22, the purposes in making medicine as each defined compound of claim 1 to 20 or its pharmacy acceptable salt, wherein said medicine is used for the inhibition of histone enzymic activity, perhaps treatment or the kethepsin dependent state of prevention in the Mammals, the bone that perhaps suppresses or reduce in the Mammals loses, perhaps treatment or the osteoporosis of prevention in the Mammals, perhaps treatment or the rheumatic arthritis state of prevention in the Mammals, perhaps treat or prevent the carrying out of osteoarthritis in the Mammals, perhaps treat the cancer in the Mammals.

23, be used for pharmacological agent as each defined compound or its pharmacy acceptable salt in the claim 1 to 20.

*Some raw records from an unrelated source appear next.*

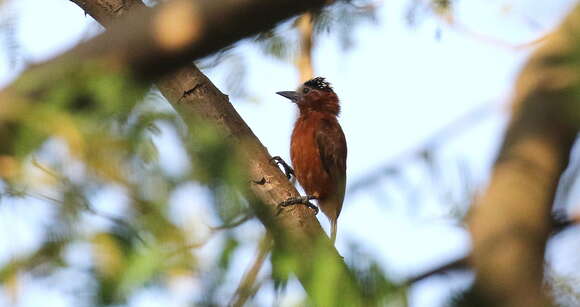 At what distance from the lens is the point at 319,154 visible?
680 centimetres

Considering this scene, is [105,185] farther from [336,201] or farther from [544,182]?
[336,201]

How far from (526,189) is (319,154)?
4647mm

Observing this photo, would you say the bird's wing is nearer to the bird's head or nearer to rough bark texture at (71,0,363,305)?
the bird's head

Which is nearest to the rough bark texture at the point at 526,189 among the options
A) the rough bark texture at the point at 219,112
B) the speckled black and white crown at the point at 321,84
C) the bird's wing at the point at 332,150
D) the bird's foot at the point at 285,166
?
the rough bark texture at the point at 219,112

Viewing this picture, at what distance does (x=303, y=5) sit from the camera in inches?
62.1

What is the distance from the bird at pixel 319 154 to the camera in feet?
22.1

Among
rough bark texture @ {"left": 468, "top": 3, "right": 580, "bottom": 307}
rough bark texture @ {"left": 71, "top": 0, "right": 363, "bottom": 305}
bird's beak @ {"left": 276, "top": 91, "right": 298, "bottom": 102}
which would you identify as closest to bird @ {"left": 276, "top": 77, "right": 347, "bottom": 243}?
bird's beak @ {"left": 276, "top": 91, "right": 298, "bottom": 102}

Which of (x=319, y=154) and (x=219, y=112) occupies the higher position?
(x=319, y=154)

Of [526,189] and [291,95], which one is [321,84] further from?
Result: [526,189]

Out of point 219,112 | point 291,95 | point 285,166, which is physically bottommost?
point 219,112

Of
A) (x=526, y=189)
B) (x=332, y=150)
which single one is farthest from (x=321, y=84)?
(x=526, y=189)

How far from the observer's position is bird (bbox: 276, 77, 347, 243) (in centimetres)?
675

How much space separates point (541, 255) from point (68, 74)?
44.6 inches

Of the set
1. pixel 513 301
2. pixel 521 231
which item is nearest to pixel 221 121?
pixel 521 231
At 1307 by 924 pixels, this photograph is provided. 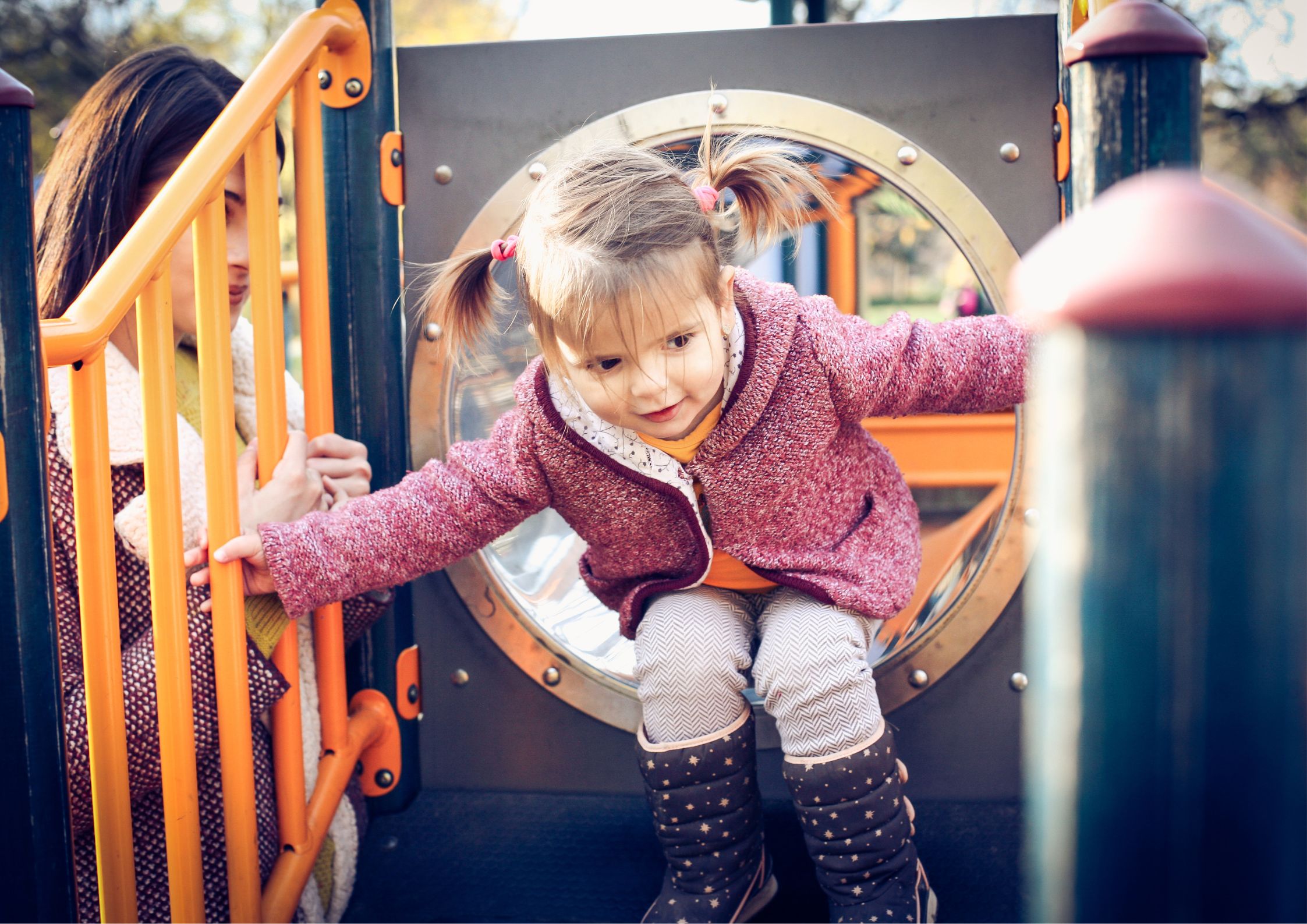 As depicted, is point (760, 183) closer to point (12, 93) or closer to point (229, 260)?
point (229, 260)

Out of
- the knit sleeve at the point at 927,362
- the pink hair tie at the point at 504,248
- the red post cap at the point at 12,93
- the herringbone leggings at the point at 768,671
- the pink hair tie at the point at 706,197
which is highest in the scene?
the red post cap at the point at 12,93

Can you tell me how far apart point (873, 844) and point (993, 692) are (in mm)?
547

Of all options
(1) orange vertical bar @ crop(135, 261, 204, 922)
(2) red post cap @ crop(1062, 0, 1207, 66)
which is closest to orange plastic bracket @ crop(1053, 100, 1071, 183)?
(2) red post cap @ crop(1062, 0, 1207, 66)

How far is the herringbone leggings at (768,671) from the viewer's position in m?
1.27

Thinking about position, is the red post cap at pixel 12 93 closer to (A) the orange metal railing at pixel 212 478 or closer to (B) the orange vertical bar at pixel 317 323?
(A) the orange metal railing at pixel 212 478

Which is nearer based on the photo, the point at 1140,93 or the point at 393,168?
the point at 1140,93

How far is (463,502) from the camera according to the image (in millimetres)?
1407

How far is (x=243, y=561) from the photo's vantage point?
4.32 feet

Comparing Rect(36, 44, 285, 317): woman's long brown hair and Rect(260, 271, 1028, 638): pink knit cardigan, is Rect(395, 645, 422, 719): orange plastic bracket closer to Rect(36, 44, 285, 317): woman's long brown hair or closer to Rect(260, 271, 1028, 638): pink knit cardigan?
Rect(260, 271, 1028, 638): pink knit cardigan

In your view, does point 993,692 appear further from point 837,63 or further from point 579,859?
point 837,63

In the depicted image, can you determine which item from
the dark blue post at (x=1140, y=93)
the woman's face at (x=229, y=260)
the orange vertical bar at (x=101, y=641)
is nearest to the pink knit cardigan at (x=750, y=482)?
the orange vertical bar at (x=101, y=641)

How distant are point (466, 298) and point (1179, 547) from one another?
1.16 metres

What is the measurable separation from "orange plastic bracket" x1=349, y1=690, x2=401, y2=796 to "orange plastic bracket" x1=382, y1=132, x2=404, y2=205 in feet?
2.47

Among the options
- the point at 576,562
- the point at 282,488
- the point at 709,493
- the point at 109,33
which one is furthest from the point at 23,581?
the point at 109,33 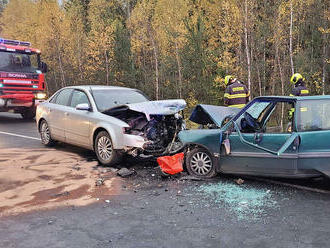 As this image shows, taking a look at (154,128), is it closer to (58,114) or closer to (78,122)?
(78,122)

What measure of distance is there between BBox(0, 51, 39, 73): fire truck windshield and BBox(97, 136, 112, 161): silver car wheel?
28.6 ft

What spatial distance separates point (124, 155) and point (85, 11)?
33.6m

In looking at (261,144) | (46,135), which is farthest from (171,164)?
(46,135)

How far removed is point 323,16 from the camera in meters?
20.5

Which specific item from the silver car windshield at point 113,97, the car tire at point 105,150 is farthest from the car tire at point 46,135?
the car tire at point 105,150

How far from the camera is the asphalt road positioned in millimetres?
3525

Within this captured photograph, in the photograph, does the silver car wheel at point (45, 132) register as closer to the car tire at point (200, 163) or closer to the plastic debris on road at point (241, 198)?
the car tire at point (200, 163)

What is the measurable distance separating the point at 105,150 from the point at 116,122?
645 mm

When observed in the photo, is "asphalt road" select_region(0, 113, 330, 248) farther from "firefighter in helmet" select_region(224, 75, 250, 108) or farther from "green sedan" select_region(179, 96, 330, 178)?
"firefighter in helmet" select_region(224, 75, 250, 108)

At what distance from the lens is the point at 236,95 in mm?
8766

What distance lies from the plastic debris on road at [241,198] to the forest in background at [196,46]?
13.4m

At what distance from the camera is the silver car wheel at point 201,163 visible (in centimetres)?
580

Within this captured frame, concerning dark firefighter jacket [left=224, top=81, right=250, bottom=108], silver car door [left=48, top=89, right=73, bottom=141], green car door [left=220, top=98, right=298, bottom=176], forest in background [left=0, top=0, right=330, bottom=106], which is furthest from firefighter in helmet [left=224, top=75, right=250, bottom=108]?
forest in background [left=0, top=0, right=330, bottom=106]

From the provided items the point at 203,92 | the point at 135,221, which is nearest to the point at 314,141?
the point at 135,221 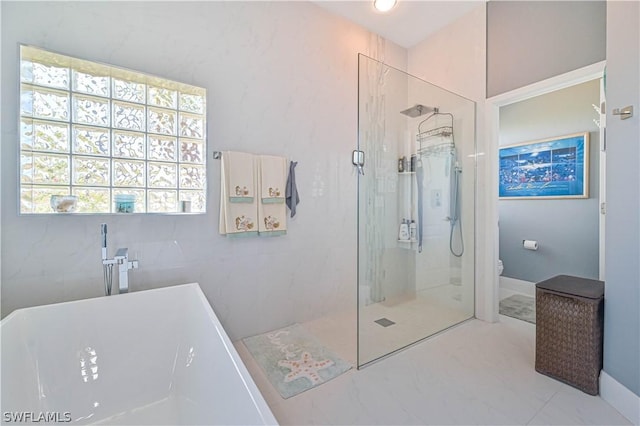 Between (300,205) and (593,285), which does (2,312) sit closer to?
(300,205)

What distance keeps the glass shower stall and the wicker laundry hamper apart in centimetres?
84

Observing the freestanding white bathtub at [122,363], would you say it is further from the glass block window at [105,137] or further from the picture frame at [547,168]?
the picture frame at [547,168]

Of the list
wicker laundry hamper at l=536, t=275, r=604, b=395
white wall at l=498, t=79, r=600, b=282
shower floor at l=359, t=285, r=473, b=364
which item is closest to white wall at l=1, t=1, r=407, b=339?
shower floor at l=359, t=285, r=473, b=364

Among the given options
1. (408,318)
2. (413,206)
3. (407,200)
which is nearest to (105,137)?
(407,200)

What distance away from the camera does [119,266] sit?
1797mm

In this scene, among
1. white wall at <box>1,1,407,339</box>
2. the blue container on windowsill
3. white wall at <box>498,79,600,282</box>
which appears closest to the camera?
white wall at <box>1,1,407,339</box>

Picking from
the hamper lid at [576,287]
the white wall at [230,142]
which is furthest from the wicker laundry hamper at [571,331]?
the white wall at [230,142]

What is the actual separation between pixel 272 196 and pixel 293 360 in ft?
4.36

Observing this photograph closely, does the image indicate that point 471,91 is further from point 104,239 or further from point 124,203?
point 104,239

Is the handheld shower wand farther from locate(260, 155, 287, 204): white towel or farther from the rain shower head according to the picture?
the rain shower head

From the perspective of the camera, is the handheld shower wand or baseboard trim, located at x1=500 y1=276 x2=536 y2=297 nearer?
the handheld shower wand

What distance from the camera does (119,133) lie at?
1.92 m

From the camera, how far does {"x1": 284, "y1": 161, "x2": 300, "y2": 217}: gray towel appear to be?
101 inches

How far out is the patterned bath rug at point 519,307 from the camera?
285 centimetres
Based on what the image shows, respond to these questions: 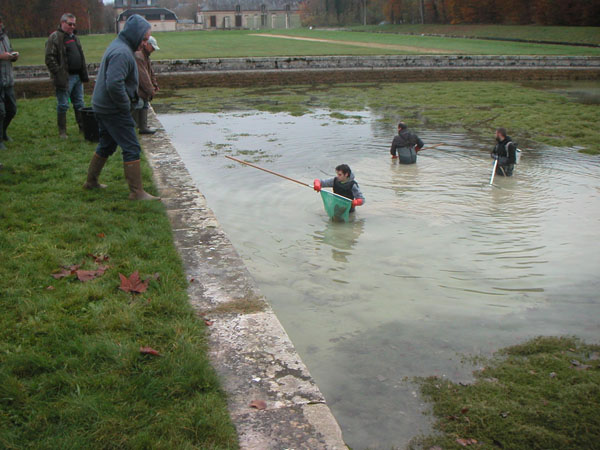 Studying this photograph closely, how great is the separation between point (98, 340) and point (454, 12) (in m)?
77.9

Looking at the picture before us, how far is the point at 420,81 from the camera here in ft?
85.0

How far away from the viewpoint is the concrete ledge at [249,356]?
2.98m

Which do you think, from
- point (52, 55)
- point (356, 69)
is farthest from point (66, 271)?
point (356, 69)

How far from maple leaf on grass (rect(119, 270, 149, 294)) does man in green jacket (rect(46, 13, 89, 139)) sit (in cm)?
658

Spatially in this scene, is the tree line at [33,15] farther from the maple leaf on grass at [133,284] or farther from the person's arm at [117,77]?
the maple leaf on grass at [133,284]

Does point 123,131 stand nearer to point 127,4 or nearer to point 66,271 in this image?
point 66,271

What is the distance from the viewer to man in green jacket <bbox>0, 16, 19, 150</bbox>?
905cm

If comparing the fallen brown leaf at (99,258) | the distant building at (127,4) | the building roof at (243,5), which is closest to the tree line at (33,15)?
the building roof at (243,5)

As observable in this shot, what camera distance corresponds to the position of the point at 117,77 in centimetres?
632

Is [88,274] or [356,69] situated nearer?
[88,274]

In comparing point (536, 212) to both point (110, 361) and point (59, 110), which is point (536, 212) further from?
point (59, 110)

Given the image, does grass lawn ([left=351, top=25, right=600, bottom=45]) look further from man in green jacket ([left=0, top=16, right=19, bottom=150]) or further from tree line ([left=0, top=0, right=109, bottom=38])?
man in green jacket ([left=0, top=16, right=19, bottom=150])

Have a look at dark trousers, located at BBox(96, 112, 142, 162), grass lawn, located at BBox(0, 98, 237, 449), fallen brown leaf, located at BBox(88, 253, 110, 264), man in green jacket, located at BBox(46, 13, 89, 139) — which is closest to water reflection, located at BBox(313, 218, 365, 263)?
grass lawn, located at BBox(0, 98, 237, 449)

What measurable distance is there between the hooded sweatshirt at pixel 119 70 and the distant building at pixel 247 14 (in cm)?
11135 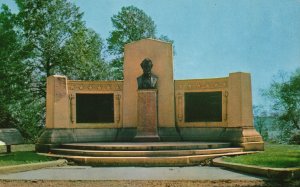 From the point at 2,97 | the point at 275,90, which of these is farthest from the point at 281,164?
the point at 275,90

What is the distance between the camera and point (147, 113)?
16.8 meters

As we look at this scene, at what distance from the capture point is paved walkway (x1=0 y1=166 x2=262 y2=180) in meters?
9.59

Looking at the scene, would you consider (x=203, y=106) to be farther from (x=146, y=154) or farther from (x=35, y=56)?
(x=35, y=56)

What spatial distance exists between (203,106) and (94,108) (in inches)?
189

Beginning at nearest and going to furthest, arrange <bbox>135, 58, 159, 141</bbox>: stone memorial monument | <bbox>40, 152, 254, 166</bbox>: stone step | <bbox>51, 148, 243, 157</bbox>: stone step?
<bbox>40, 152, 254, 166</bbox>: stone step
<bbox>51, 148, 243, 157</bbox>: stone step
<bbox>135, 58, 159, 141</bbox>: stone memorial monument

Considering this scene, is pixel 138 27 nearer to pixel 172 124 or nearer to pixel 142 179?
pixel 172 124

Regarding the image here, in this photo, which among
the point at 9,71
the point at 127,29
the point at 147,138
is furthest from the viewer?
the point at 127,29

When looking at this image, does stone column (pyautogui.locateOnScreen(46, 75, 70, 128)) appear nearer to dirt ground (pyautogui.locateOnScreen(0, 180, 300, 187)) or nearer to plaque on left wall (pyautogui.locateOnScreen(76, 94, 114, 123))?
plaque on left wall (pyautogui.locateOnScreen(76, 94, 114, 123))

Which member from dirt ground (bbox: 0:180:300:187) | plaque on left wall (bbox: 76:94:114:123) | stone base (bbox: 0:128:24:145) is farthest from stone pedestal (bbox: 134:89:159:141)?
dirt ground (bbox: 0:180:300:187)

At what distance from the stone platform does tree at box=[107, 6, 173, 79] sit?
22.7 m

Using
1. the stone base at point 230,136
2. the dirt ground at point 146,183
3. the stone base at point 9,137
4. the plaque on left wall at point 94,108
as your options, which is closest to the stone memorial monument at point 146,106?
the stone base at point 230,136

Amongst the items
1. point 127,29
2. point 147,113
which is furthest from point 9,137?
point 127,29

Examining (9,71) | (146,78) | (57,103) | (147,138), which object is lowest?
(147,138)

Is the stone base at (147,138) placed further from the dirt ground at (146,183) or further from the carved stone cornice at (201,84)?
the dirt ground at (146,183) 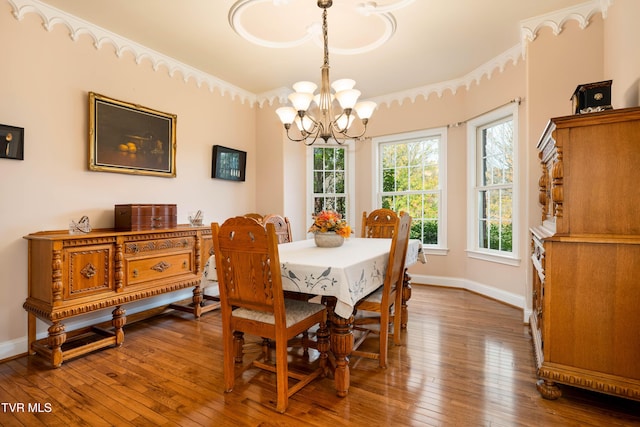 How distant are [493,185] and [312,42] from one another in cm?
Answer: 275

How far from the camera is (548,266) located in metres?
1.80

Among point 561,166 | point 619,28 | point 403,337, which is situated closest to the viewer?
point 561,166

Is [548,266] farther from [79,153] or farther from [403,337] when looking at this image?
[79,153]

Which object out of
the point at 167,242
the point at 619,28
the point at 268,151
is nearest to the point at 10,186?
the point at 167,242

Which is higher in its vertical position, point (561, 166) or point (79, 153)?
point (79, 153)

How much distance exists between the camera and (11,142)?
2.41 meters

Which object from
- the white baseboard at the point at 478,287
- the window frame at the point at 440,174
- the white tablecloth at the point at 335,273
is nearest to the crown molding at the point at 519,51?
the window frame at the point at 440,174

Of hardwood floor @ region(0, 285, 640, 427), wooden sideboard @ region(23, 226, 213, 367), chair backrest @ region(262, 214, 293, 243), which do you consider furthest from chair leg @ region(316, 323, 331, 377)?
wooden sideboard @ region(23, 226, 213, 367)

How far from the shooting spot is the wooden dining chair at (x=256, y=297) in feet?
5.40

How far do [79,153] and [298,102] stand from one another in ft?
6.78

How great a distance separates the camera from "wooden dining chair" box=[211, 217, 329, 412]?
1646 mm

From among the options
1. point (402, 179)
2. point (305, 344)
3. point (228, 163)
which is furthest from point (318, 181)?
point (305, 344)

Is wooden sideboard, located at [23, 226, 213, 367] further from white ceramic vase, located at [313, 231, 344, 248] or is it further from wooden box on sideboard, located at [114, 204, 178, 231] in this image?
white ceramic vase, located at [313, 231, 344, 248]

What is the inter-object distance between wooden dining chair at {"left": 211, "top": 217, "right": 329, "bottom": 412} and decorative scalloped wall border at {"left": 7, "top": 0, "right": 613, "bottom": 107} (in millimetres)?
2547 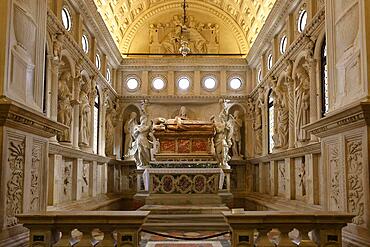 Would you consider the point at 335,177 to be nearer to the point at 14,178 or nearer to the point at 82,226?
the point at 82,226

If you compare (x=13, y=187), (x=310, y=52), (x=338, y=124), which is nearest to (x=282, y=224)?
(x=338, y=124)

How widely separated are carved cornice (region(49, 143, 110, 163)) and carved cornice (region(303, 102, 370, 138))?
22.4ft

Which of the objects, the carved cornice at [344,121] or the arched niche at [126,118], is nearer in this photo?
the carved cornice at [344,121]

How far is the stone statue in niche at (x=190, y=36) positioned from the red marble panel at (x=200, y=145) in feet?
30.2

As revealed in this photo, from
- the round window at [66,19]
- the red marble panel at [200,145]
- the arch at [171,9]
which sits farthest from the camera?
the arch at [171,9]

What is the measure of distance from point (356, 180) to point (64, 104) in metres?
9.15

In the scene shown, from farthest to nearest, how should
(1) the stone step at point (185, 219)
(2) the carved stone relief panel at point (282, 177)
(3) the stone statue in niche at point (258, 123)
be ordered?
(3) the stone statue in niche at point (258, 123) < (2) the carved stone relief panel at point (282, 177) < (1) the stone step at point (185, 219)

24, a kind ofly be used for the treatment of or prevent the kethepsin dependent status in the Mammals or suppress or reduce the carrying out of osteoarthritis in bone loss in the Mammals or the osteoporosis in treatment or the prevention Mammals or the rheumatic arthritis state in treatment or the prevention Mammals or treatment or the prevention Mammals, perhaps treat the method for cancer in the Mammals, it comprise to Mammals drug treatment significant quantity as each defined compound or its pharmacy acceptable salt in the claim 1 to 20.